TURQUIE : ENQUÊTE SUR DES CHARNIERS A SIRNAK
Une autre enquête a été ouverte dans la province de Şırnak sur l’existence de charniers, appelés « fosses de la mort », contenant les corps de près d’une centaine de civils qui auraient été tués par la gendarmerie dans les années 1990. L’existence de ces fosses communes était soupçonnée depuis longtemps par les Kurdes de la région, dont beaucoup ont perdu des proches dont on n’a jamais retrouvé les corps. Ces assassinats sont imputés au JITEM, un corps de gendarmerie clandestin créé à la fin des années 1980, affecté à la lutte contre le PKK et le « séparatisme kurde » et dont les exactions et la terreur qu’il a fait régner au Kurdistan sont de notoriété publique.
Le JITEM est accusé de nombreux enlèvements et exécutions sommaires, et d’avoir fait disparaître les corps, notamment dans de l’acide, ou bien en les brûlant ou les enterrant dans des charniers secrets. Jusqu’ici, l’Etat turc niait jusqu’à l’existence du JITEM et l’ouverture d’une telle enquête montre un changement dans l’opinion publique en Turquie. Les crimes du JITEM ont été confirmés par des anciens membres des forces turques, arrêtés lors des coups de filet dirigés contre le réseau Ergenekon, par exemple Abdülkadir Aygan, qui appartenait au JITEM ou Tuncay Güney, acteur majeur d’Ergenekon. L’association des avocats de Şırnak Bar a porté plainte après les déclarations de Tuncay Güney à la police, faisant état précisément de ces corps brûlés à l’acide ou enterrés.

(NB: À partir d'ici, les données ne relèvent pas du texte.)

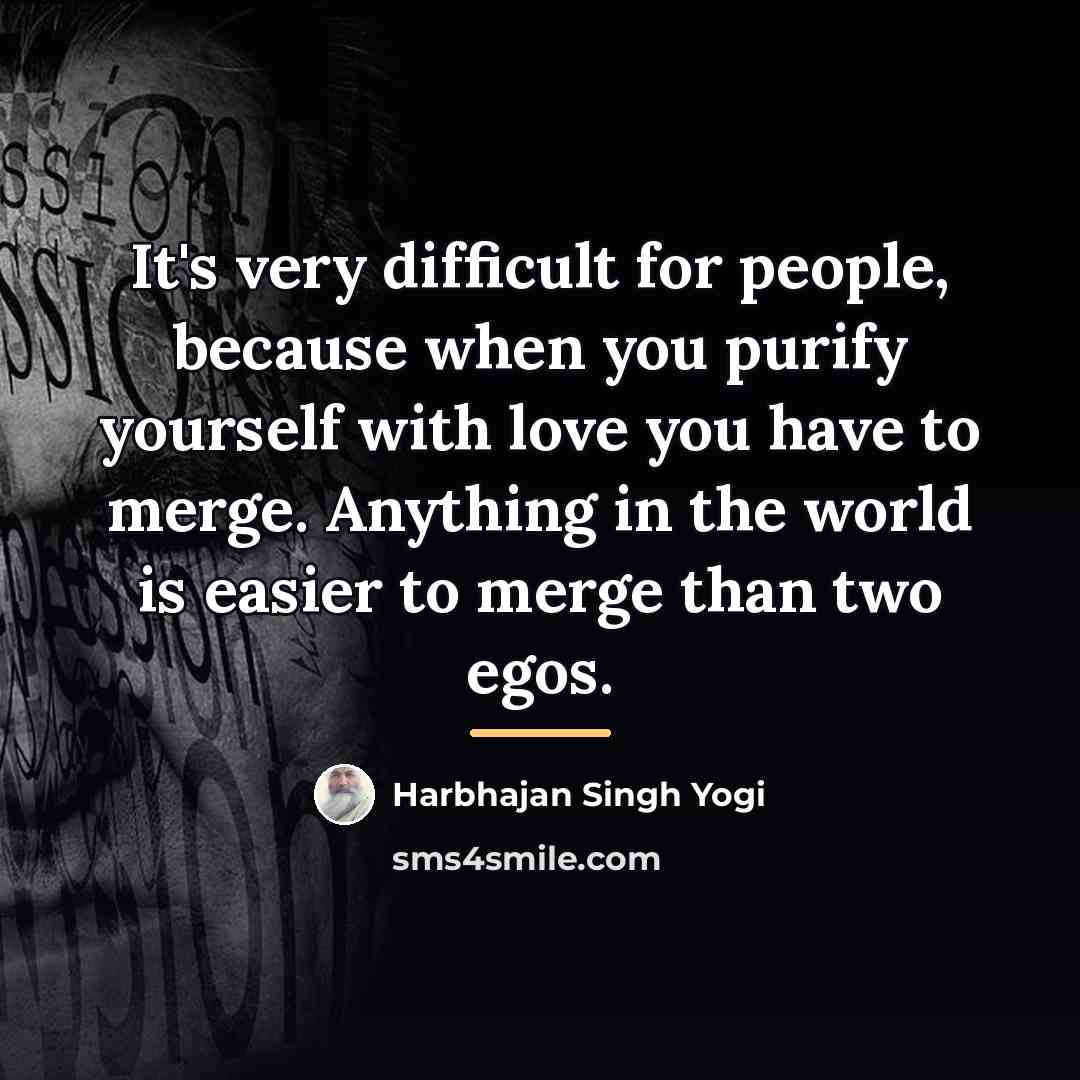 “It's very difficult for people, because when you purify yourself…” quote by Harbhajan Singh Yogi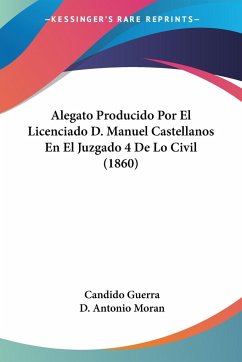Alegato Producido Por El Licenciado D. Manuel Castellanos En El Juzgado 4 De Lo Civil (1860)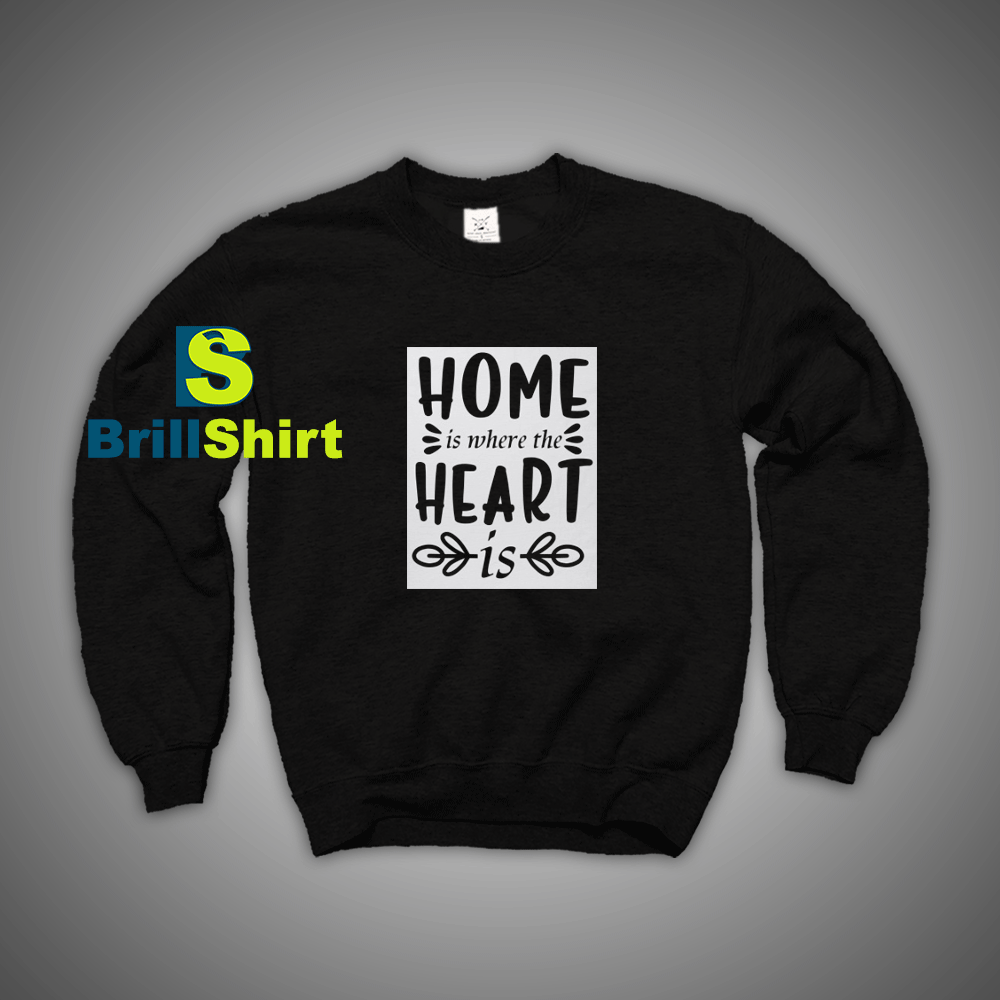Get It Now Home And Heart Sweatshirt - Brillshirt.com Get It Now Home And Heart Sweatshirt - Brillshirt.com
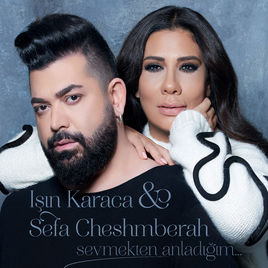 Işın Karaca – Sevmekten Anladığım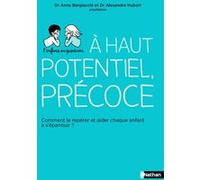 Haut potentiel, précoce - Comment le repérer et aider chaque enfant à s'épanouir ? Gillian Harvey (Auteur), Anne Bargiacchi (Auteur)
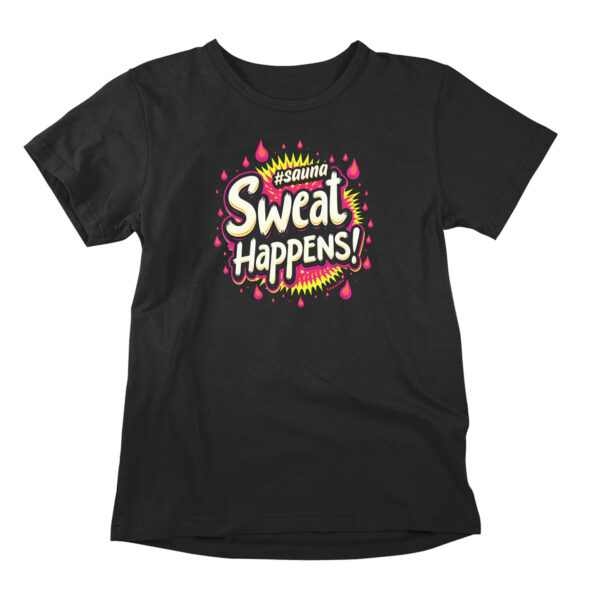 Sweat Happens t-shirt is a true statement related to the sauna culture. All sauna enthusiasts know this, thus we decided to offer a funny t-shirt just for this.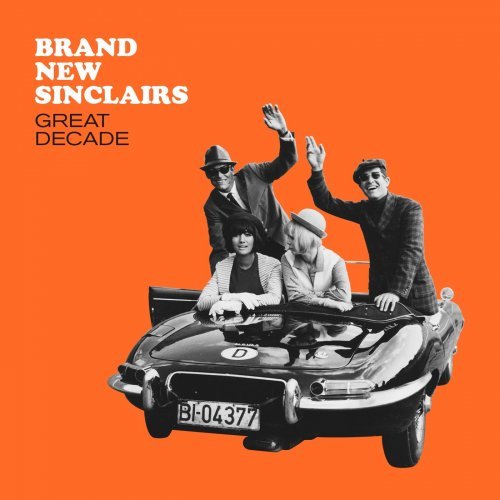 Brand New Sinclairs - Great Decade (2018)
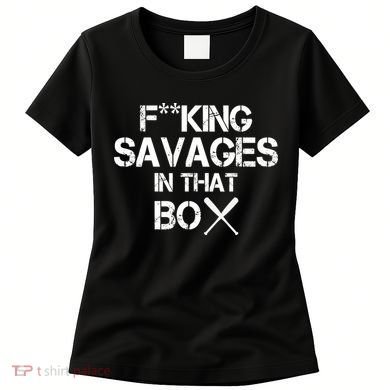 Savages In That Box Women's T-Shirt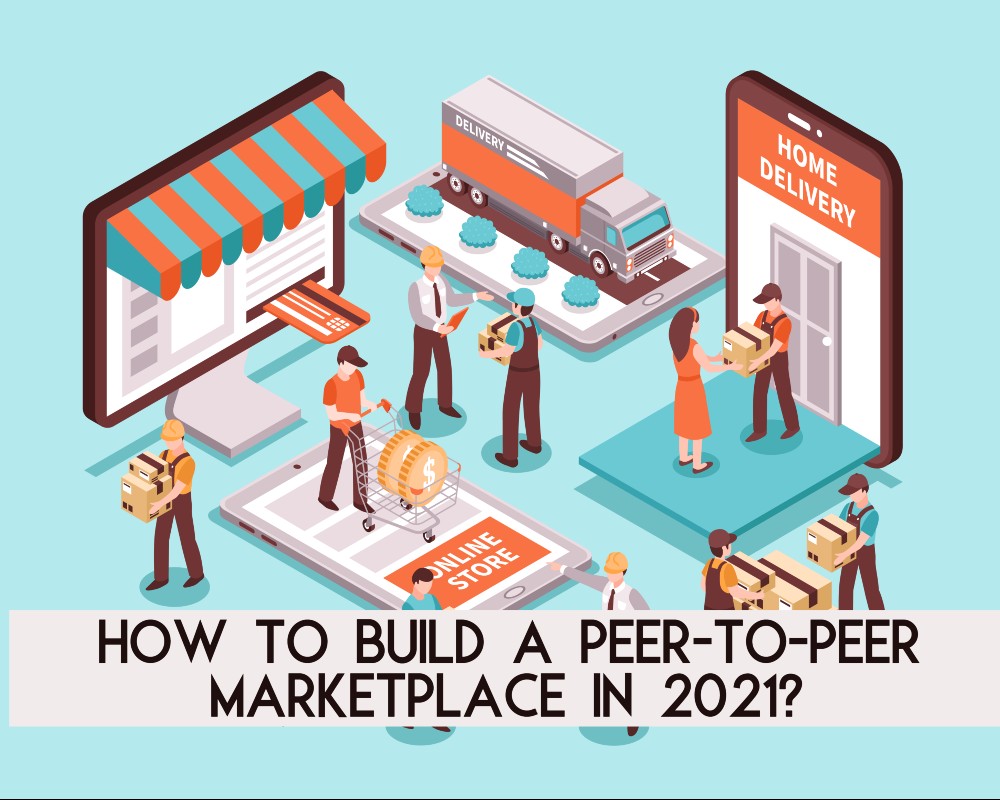 How do you start a peer-to-peer marketplace in 2021?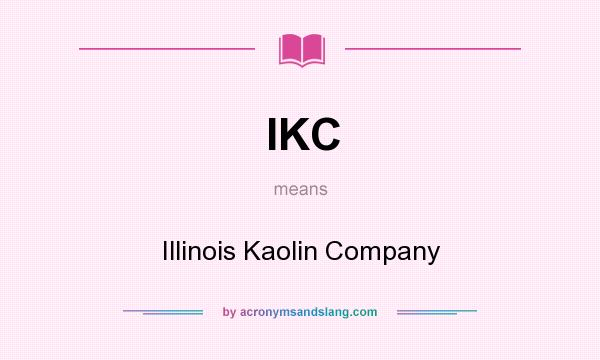 What does IKC mean? It stands for Illinois Kaolin Company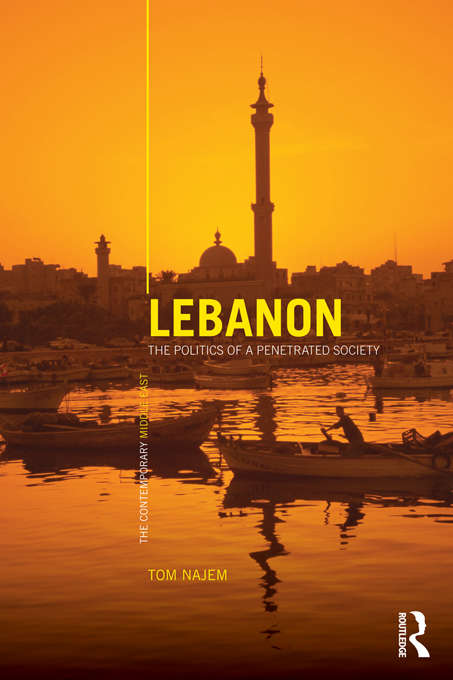 Book cover of Lebanon: The Politics of a Penetrated Society (The Contemporary Middle East: Vol. 6)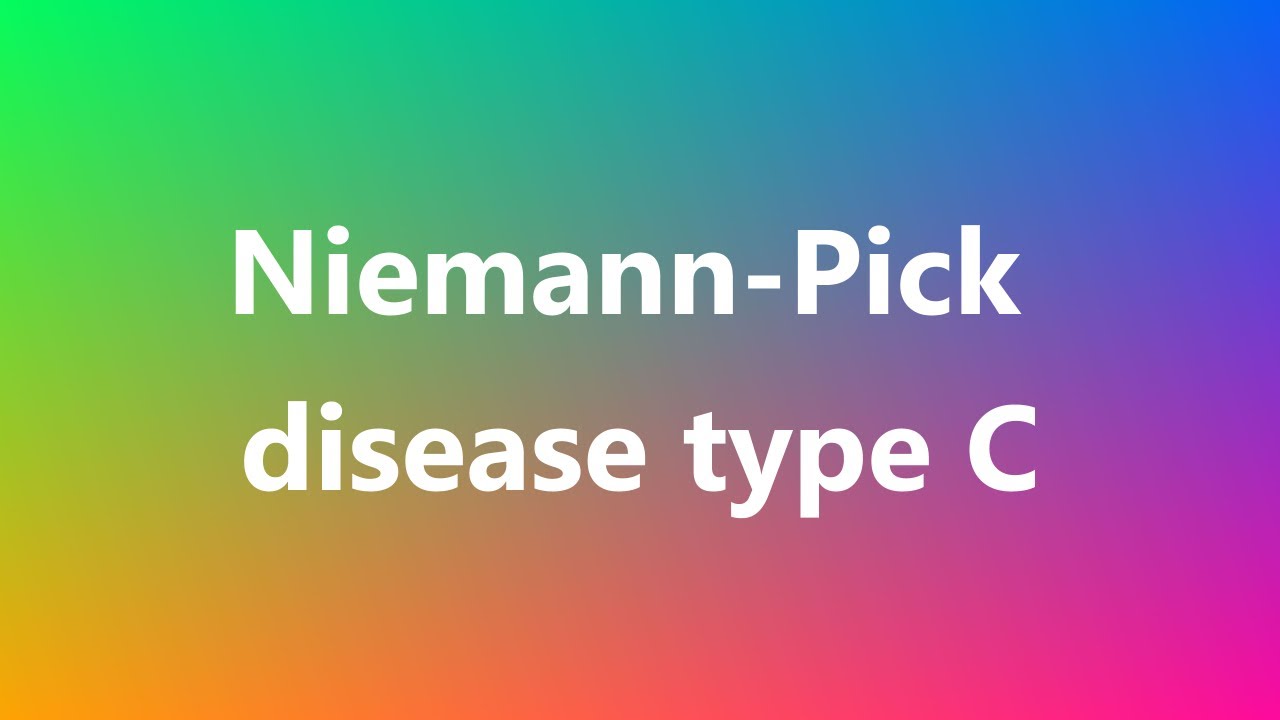 Niemann-Pick disease type C - Medical Definition and Pronunciation
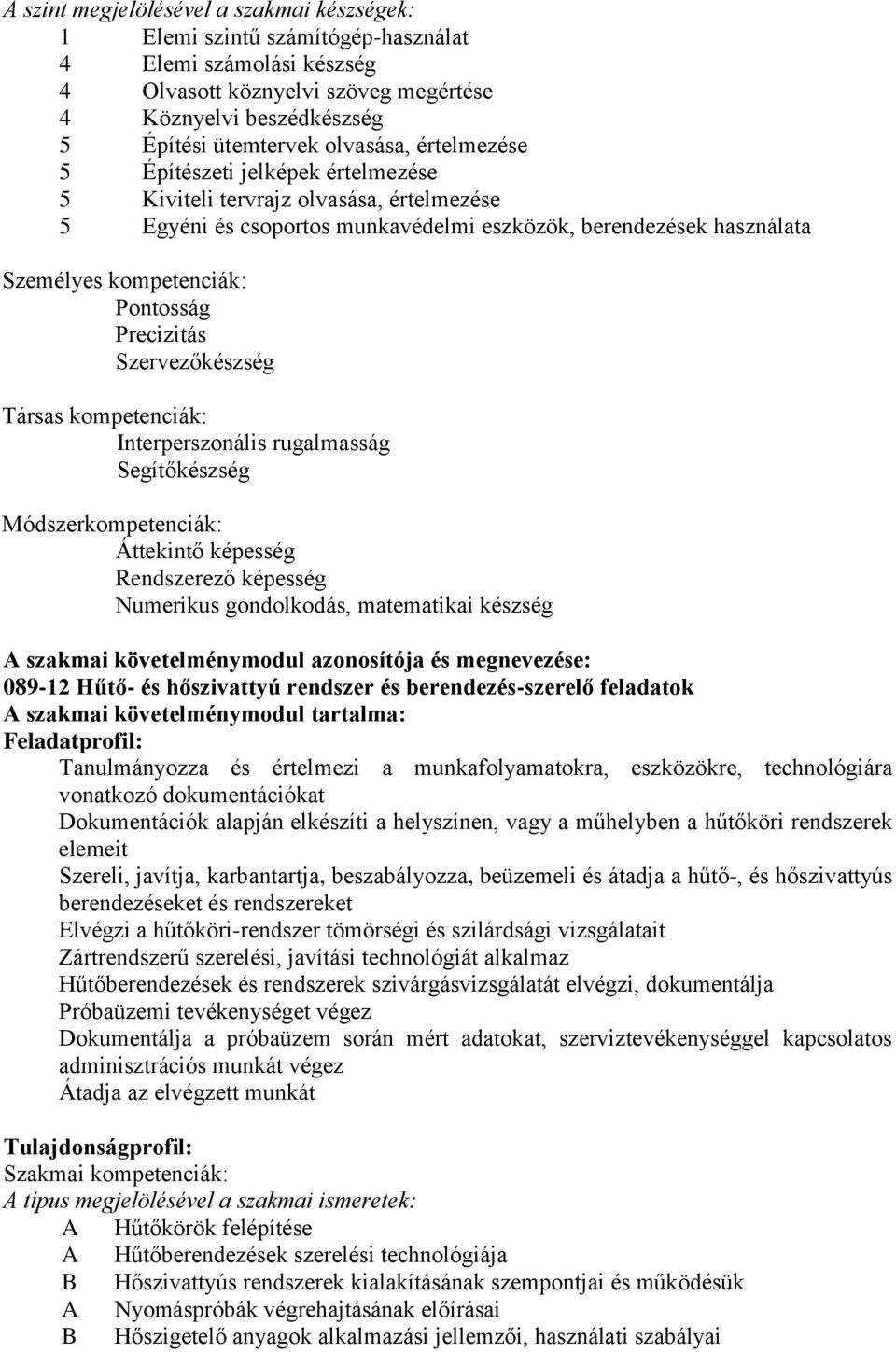 Pontosság Precizitás Szervezőkészség Társas kompetenciák: Interperszonális rugalmasság Segítőkészség Módszerkompetenciák: Áttekintő képesség Rendszerező képesség Numerikus gondolkodás, matematikai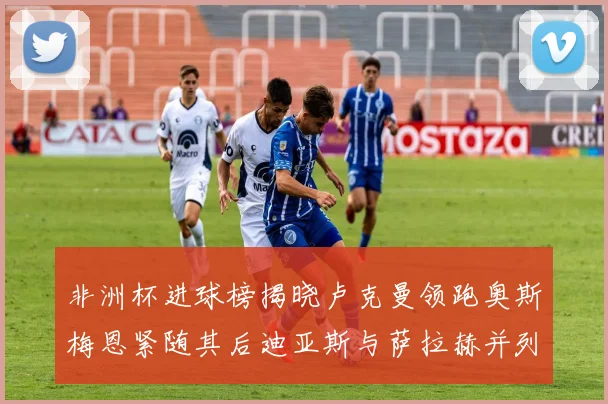 非洲杯进球榜揭晓卢克曼领跑奥斯梅恩紧随其后迪亚斯与萨拉赫并列第三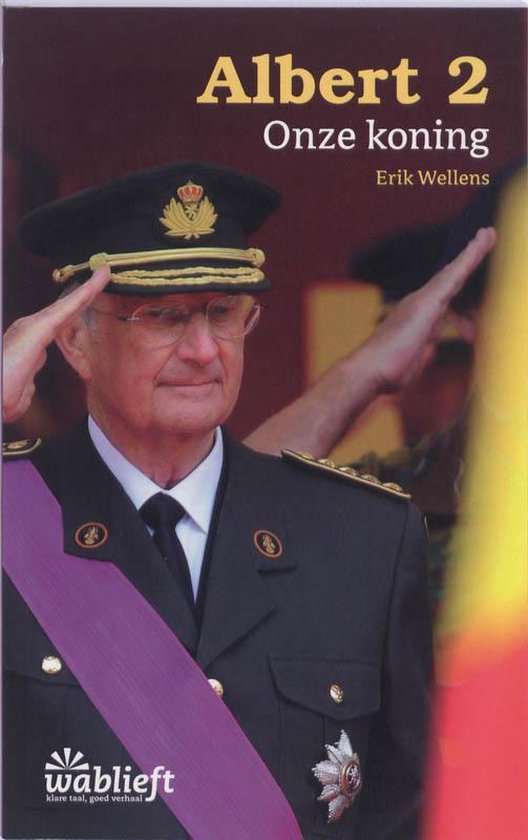 Cover van het boek 'Albert 2, Onze koning' van E. Wellens en Erik Wellens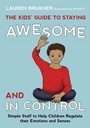 Cover: The Kids' Guide to Staying Awesome and In Control - Jessica Kingsley Publishers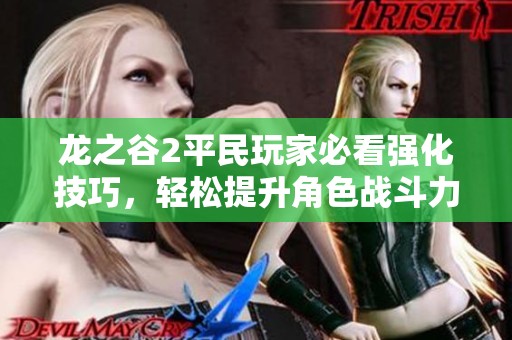 龍之谷2平民玩家必看強(qiáng)化技巧，輕松提升角色戰(zhàn)斗力秘籍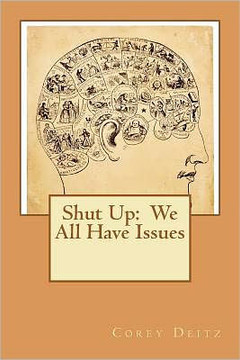 Shut Up: We All Have Issues!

Emin Aktar, président de l’association du Barreau de Diyarbakir est aussi d’avis que cette période sombre du Kurdistan de Turquie doit absolument faire l’objet d’une sérieuse enquête judiciaire et que les corps retrouvés doivent être examinés par des médecins légistes, notamment pour les identifier, notamment au moyen de leur ADN. Dès le mois de janvier 2009, le bureau du procureur de Silopi a autorisé la tenue d’une enquête.
En parallèle à cette affaire, depuis le 9 février, un des principaux survivants de l’accident (et du scandale) de Susurluk, l’ancien chef de la police et ancien ministre de l’Intérieur Mehmet Ağar, passe enfin en jugement, 13 ans après l’accident de voiture qui avait mis en lumière les liens étroits entre la mafia turque, les services spéciaux de sécurité à l’œuvre au Kurdistan de Turquie et l’extrême droite. Le 3 novembre 1996, en effet, à Bursa, une voiture qui transportait Abdullah Catlı, un militant ultra-nationaliste, et sa compagne, Hüseyin Kocadağ, chef de la police, Mehmet Ağar et Sedat Edip Bucak, tous deux députés du Doğru Yol Partisi, le parti du président Süleyman Demirel, heurte un camion. Les trois premiers passagers furent tués, les autres blessés. Ce scandale fut rapidement relayé par la presse turque et l’opinion publique réagit alors vivement, notamment en organisant dans les grandes villes un black-out quotidien en éteignant les lumières tous les soirs à 21 heures. On a commencé alors à parler ouvertement « d’Etat profond » et Mehmet Ağar dut démissionner de son poste ministériel. Mais en tant que député il bénéficiera d’une immunité parlementaire qui lui a évité, jusqu’à ce jour, d’être traduit en justice, en se faisant réélire 13 années durant. Cependant les élections législatives anticipées de 2007 furent désastreuses pour son parti actuel, le DP (une unification du DYP et de l’ancien ANAP) qui n’a pu franchir la barre des 5% nécessaires pour entrer au parlement. Mehmet Ağar comparait donc devant la justice, accusé d’avoir couvert, dans les années 1990, les activités des sections spéciales et clandestines de la police turque, notamment de nombreux assassinats dans les régions kurdes. Il plaide non coupable et nie que Sedat Bucak, l’autre député qui a réchappé à l’accident, ou bien ses anciens collaborateurs Korkut Eken ou Ibrahim Şahin, compromis eux aussi dans le scandale, soient également impliqués dans les milliers de meurtres dans le Sud-Est. Il est à noter qu’Ibrahim Şahin vient tout juste d’être arrêté dans le cadre de l’affaire Ergenekon, et que tous sont liés au JITEM et à ses exactions qui ont terrorisé les régions kurdes dans les années 1990.